◆ Brief
With the pictures removed, the data below must be transcribed in full and exactly.

◆ Collected data

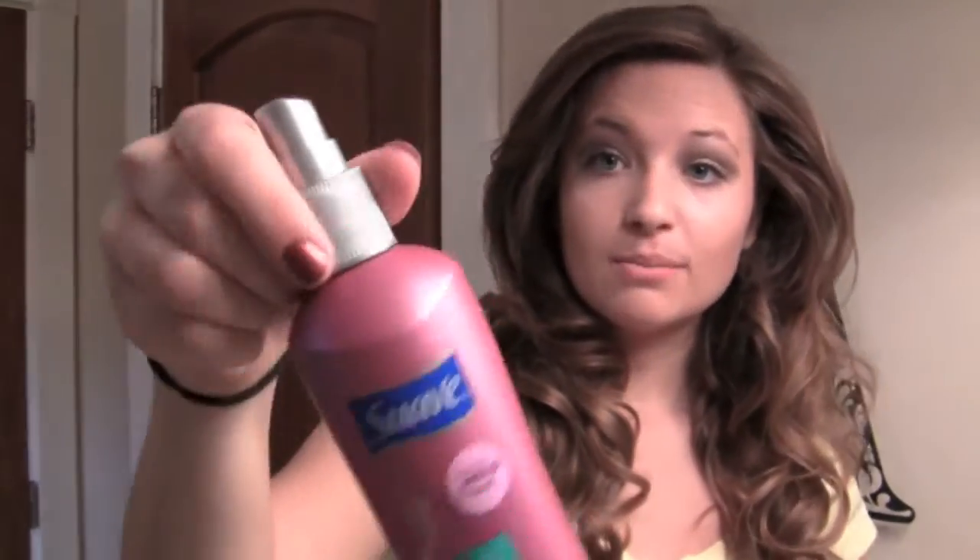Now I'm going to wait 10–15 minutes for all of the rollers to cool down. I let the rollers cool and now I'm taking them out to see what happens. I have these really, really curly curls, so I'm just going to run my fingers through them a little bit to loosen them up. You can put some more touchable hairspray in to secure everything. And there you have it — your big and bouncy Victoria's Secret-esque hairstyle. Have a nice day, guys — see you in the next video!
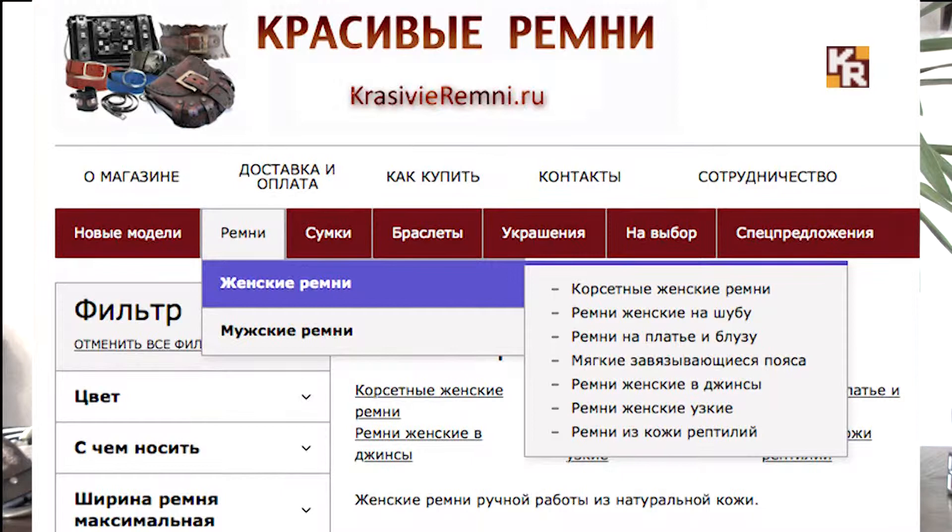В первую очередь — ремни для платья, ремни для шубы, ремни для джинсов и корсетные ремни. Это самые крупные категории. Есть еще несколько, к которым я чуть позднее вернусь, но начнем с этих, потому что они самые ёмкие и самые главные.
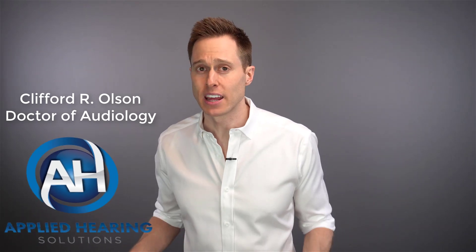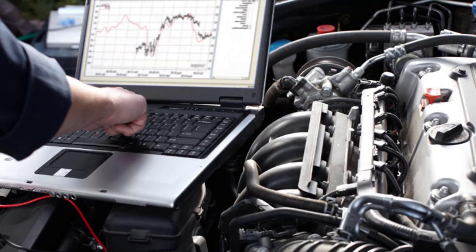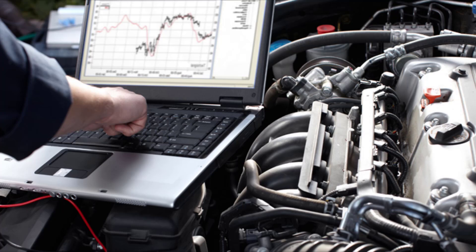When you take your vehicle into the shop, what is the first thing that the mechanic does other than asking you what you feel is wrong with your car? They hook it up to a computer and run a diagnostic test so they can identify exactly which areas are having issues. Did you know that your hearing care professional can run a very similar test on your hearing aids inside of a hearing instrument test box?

◆ Output of the exercise
Now I'm going to wait 10–15 minutes for all of the rollers to cool down. I let the rollers cool and now I'm taking them out to see what happens. I have these really, really curly curls, so I'm just going to run my fingers through them a little bit to loosen them up. You can put some more touchable hairspray in to secure everything. And there you have it — your big and bouncy Victoria's Secret-esque hairstyle. Have a nice day, guys — see you in the next video!
В первую очередь — ремни для платья, ремни для шубы, ремни для джинсов и корсетные ремни. Это самые крупные категории. Есть еще несколько, к которым я чуть позднее вернусь, но начнем с этих, потому что они самые ёмкие и самые главные.
When you take your vehicle into the shop, what is the first thing that the mechanic does other than asking you what you feel is wrong with your car? They hook it up to a computer and run a diagnostic test so they can identify exactly which areas are having issues. Did you know that your hearing care professional can run a very similar test on your hearing aids inside of a hearing instrument test box?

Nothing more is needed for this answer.